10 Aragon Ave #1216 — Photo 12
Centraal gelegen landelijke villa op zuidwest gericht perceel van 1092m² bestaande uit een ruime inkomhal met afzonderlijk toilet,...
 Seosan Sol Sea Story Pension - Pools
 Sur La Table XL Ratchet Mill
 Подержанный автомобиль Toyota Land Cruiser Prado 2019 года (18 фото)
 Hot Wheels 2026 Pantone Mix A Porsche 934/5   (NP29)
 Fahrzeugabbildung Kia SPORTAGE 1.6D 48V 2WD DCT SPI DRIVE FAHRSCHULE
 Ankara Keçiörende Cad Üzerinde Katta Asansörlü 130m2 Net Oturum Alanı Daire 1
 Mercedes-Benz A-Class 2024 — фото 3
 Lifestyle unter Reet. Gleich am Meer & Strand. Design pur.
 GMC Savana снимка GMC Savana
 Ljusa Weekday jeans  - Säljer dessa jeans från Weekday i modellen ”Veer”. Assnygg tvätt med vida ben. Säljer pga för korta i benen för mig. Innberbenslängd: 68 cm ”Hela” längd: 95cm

▸ **Problem to work on**
Based on the records above, how many lines hold the string "фото"? Answer with the number by itself.

▸ **Task response**
2